On February 7, 1980, the National Labor Relations Board found that respondent Service Garage committed unfair labor practices during an organizing campaign in violation of Sections 8(a)(1) and (3) of the National Labor Relations Act, 29 U.S.C. § 151 et seq., by denying employees an expected pay raise during the campaign and by laying off one union adherent and discharging another. The Board ordered reinstatement with back pay of the two disciplined employees, payment of the wage increase, the posting of a notice and other incidental relief. The Board's order is reported at 247 NLRB No. 115 (1980). The Board issued a supplemental order after it received newly discovered evidence in which it rescinded the reinstatement and back pay award to the discharged employee but otherwise affirmed the original remedy. The supplemental order is reported at 256 NLRB No. 153 (1981). The Board petitions for enforcement of its supplemental order. Respondent Service Garage contends that the Board's findings are not supported by substantial evidence.

2

Service Garage was founded to service the equipment of four companies owned by a Mr. Hollis and a Mr. Bell. It later expanded to take in outside business as well. A Mr. Scott managed Service Garage from 1977 to January 23, 1979 with full authority to hire and fire employees, as well as to grant wage increases. Service Garage employed a total of twelve persons in December, 1978. In December, all twelve employees signed authorization cards for the Highway & Local Motor Freight Employees Union. Scott learned of this from employee Holt in the last week of December, and on December 29, 1978, the Union sent a bargaining demand to Hollis. When the company did not respond to this demand by January 2, 1979 the Union filed a representation petition.

3

The Board's complaint alleged that the employees of Service Garage expected to receive a 7% cost of living wage increase in early January, 1979, and that the company refused to grant this increase upon learning of the employees' attempt to unionize. The Administrative Law Judge (ALJ) found that the company did not have any past practice of granting cost of living increases. The ALJ noted that there were rumors among the employees that they would receive a 7% increase, but that these rumors had no concrete source. The only concrete evidence cited by the ALJ relating to company's promise to grant an increase in January of 1979 was testimony that, when asked by an employee if the union activity meant that there would be no wage increase, Scott replied in the affirmative.

4

The ALJ found that Scott's single, ambiguous statement did not indicate both that the company had promised its employees a cost of living increase, and had decided to withdraw the increase in order to influence the outcome of the organizing campaign.
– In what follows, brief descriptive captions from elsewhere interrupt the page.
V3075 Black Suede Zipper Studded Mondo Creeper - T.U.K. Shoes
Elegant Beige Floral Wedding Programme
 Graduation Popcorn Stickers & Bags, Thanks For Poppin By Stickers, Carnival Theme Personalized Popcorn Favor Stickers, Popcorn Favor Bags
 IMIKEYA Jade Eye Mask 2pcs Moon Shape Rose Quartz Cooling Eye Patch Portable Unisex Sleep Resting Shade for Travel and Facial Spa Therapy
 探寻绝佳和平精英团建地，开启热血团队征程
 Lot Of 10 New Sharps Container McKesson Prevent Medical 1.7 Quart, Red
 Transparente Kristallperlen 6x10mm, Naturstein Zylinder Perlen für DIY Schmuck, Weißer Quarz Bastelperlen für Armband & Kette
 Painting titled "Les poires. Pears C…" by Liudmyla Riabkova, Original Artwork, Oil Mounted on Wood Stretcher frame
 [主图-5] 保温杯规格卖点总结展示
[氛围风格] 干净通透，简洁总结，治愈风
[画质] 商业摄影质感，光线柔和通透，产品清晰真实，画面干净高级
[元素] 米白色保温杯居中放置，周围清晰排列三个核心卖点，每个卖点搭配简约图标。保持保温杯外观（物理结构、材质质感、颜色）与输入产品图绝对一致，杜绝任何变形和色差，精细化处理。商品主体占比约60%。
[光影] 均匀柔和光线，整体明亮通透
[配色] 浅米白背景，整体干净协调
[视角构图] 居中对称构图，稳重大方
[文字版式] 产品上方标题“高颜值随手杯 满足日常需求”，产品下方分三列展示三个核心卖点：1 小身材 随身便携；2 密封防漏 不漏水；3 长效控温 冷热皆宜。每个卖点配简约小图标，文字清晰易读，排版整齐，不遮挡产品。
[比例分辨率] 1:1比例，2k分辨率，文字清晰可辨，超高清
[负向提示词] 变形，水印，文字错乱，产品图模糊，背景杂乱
The ALJ took notice of the quandary the company would be in, in the event of a contrary holding. Under Board policy, there is a presumption that the purpose of a wage increase granted during a union campaign is to interfere with the campaign, and an employer then bears the burden of rebutting this presumption, perhaps by showing that the increase was consistent with past practice. Colonial Haven Nursing Home, Inc., 218 NLRB 1007, 1008 (1975). The ALJ noted that had the employer in this case granted a 7% wage increase in January, the evidence adduced would not have been sufficient to rebut the presumption that it was interfering with the election. He concluded that it would be unfair under these circumstances also to penalize the employer for not granting the wage increase.

5

The Board disagreed with the ALJ. It found that Scott's statement clearly conveyed the message that the employees would have received a wage increase but for their union activities. In the light of this clear statement, it found the company's past practices immaterial. It concluded somewhat simplistically that the company did not face the dilemma outlined by the ALJ because it was only required to act as if there were no union.

6

We find that Scott's statement is not substantial enough evidence viewing the record as a whole to support the Board's conclusion that a wage increase had been promised and then withdrawn because of union activities. This is particularly true in view of the ALJ's contrary decision. See Universal Camera Corp. v. N. L. R. B., 340 U.S. 474, 496, 71 S.Ct. 456, 468-69, 95 L.Ed. 456 (1951). The Board failed to show sensitivity to the problem faced by an employer after Colonial Haven. Since the Board has placed on employers the burden of proving that wage increases granted during an organizing campaign are not motivated by a desire to influence the campaign, we must review the evidence closely where the charge is that failure to grant a wage increase during a campaign is an unfair labor practice.

7

The Board also found, contrary to the ALJ's conclusion, an unfair labor practice based on Scott's decision to lay off a Mr. Woods, the more junior of the company's two tire repairmen, on January 9. Woods had been recently hired, in October of 1978. At the time Woods was hired the company handled both Hollis/Bell work and outside work. This proved to be beyond the capacity of the small shop, so a decision was made to eliminate the outside work at the beginning of 1979. The testimony indicated that Woods was laid off in the expectation that tire repairs would diminish as a result of the cutback. There was no testimony to the contrary. There was also testimony that tire repair work was unpredictable. In fact, the tire repair work did not diminish after Woods was laid off, and he was called back on January 17, eight days later.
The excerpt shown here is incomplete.